Basile Georges Casmoussa, 72, who had been the archbishop of the Archeparchy of Mosul, was transferred to a position in the Syriac Catholic Patriarchal Curia. The Synod of Bishops of the Patriarchal Syriac Catholic Church elected the Protosyncellus (Vicar General) of the Archeparchy of Mosul, Father Boutros Moshe, 67, to be the new archbishop. Pope Benedict XVI, consented to his canonical election on Tuesday, March 1, 2011, sealing the appointment, with ordination and installation to follow at a later date. The Mosul Archeparchy has 35,000 Catholics, 36 priests, and 55 religious.

Also on Tuesday, March 1, 2011, Pope Benedict XVI consented to the canonical election by the Syriac Synod of Bishops of the Father Yousif Abba (Yousif Mansoor), 59, who was the Chancellor of the then Syriac Catholic Eparchy of the United States and Canada under Bishop Habash and served at the St. Joseph Syriac Catholic Church in Mississauga, Ontario, Canada, as the new archbishop-elect of the Syriac Catholic Archeparchy of Baghdad, Iraq. Archbishop Yousif is a native Iraqi. Since 1997, he has been in charge of pastoral care for Syriac Rite Catholics in the United States and Canada. He speaks Syriac, French, Arabic, and English. He succeeds Athanase Mattai Shaba Matoka, who resigned from the position he had held since 1983 as archbishop emeritus, with ordination and installation as archbishop to follow at a later date. The Baghdad Archeparchy has 18,000 Syriac Catholics and seven priests.

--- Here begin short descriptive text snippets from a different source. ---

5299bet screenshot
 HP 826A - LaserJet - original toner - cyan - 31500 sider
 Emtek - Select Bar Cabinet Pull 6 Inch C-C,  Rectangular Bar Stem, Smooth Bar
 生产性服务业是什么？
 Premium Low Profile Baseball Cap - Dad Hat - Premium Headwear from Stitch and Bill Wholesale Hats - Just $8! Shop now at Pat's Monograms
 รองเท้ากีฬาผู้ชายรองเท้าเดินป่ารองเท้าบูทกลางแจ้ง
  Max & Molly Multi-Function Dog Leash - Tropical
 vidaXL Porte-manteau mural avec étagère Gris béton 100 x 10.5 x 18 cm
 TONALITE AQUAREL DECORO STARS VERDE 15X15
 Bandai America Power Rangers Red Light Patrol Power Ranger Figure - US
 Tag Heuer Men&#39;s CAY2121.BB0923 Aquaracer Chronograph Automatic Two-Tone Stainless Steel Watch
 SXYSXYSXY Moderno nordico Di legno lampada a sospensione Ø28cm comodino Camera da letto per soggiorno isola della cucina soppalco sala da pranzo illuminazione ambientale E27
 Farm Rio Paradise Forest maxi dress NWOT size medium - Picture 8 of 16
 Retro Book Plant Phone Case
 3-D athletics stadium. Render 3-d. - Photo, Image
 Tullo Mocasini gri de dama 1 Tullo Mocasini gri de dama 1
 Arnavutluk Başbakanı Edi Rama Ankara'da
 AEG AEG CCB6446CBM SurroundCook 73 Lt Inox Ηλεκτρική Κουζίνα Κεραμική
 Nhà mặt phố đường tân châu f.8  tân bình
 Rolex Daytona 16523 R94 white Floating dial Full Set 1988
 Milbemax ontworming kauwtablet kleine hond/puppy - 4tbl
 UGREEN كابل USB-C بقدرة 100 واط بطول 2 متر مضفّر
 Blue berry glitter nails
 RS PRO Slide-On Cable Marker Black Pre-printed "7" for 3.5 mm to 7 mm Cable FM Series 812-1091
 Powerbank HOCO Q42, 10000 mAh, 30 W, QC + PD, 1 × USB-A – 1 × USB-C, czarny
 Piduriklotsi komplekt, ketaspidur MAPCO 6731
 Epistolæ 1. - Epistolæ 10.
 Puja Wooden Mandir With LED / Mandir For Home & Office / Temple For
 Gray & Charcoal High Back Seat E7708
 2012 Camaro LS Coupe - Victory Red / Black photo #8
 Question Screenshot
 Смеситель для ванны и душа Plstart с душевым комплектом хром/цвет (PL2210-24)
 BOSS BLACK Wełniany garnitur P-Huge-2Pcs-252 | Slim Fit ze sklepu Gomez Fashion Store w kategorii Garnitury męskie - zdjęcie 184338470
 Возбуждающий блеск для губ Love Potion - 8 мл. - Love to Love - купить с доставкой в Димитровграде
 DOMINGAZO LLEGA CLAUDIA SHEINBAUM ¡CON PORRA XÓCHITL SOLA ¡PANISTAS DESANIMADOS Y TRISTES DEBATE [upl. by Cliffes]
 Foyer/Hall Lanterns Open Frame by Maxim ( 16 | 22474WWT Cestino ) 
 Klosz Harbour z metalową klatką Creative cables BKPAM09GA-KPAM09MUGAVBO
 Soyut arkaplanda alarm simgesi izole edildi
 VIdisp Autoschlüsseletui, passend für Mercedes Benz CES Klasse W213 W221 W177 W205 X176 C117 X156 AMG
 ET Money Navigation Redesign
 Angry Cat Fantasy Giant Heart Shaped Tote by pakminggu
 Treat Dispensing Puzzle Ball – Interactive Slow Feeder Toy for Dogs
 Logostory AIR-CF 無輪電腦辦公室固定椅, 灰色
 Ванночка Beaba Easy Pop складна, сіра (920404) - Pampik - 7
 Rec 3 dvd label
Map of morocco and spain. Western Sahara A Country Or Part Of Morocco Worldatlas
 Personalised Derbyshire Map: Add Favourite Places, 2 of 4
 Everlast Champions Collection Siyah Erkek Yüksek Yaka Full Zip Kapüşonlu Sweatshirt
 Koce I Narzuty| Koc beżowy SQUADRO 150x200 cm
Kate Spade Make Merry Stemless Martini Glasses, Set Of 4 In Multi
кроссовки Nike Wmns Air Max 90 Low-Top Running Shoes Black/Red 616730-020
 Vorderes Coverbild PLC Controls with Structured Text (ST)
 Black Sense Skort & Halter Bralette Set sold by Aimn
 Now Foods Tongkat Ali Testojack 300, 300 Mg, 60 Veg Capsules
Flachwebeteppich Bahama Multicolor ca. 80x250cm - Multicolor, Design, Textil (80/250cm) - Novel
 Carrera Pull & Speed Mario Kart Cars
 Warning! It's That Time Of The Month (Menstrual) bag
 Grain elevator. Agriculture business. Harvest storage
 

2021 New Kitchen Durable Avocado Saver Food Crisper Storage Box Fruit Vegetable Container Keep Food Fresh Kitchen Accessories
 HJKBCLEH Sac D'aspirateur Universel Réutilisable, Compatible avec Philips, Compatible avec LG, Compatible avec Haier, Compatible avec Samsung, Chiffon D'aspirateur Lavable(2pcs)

Finally, also on March 1, 2011, the Pope approved the canonical election of the Father Jihad Battah, 54, until then the Protosyncellus (Vicar General) of the Syriac Catholic Archeparchy of Damascus, Syria, under Metropolitan Gregory Aliya Tabe, as a bishop-elect of the Syriac Catholic Patriarchal Curia, with ordination and installation as bishop to follow at a later date.

The diocese of Beirut has remained vacant for more than a century. Theophilus Giwargis Kassab, metropolitan of Homs, presently administers the diocese in the capacity of apostolic administrator. The patriarchal exarchate of Basra and Kuwait has been under the care of Father Marzena Eshak since 2003, and the patriarchal exarchate of Turkey has been under the care of Monsignor Joseph Sagh since 1991. Clement Joseph Hannush, bishop of Cairo, has been responsible for the patriarchal territory of Sudan since 1997, in the capacity of protosyncellus.

The church also has four patriarchal vicariates (Brazil, Australia and New Zealand, Sweden and France), and a patriarchal procurate in Rome. In 2010 there were an estimated 159,000 Syriac Catholics, under the care of 11 bishops and over a hundred priests.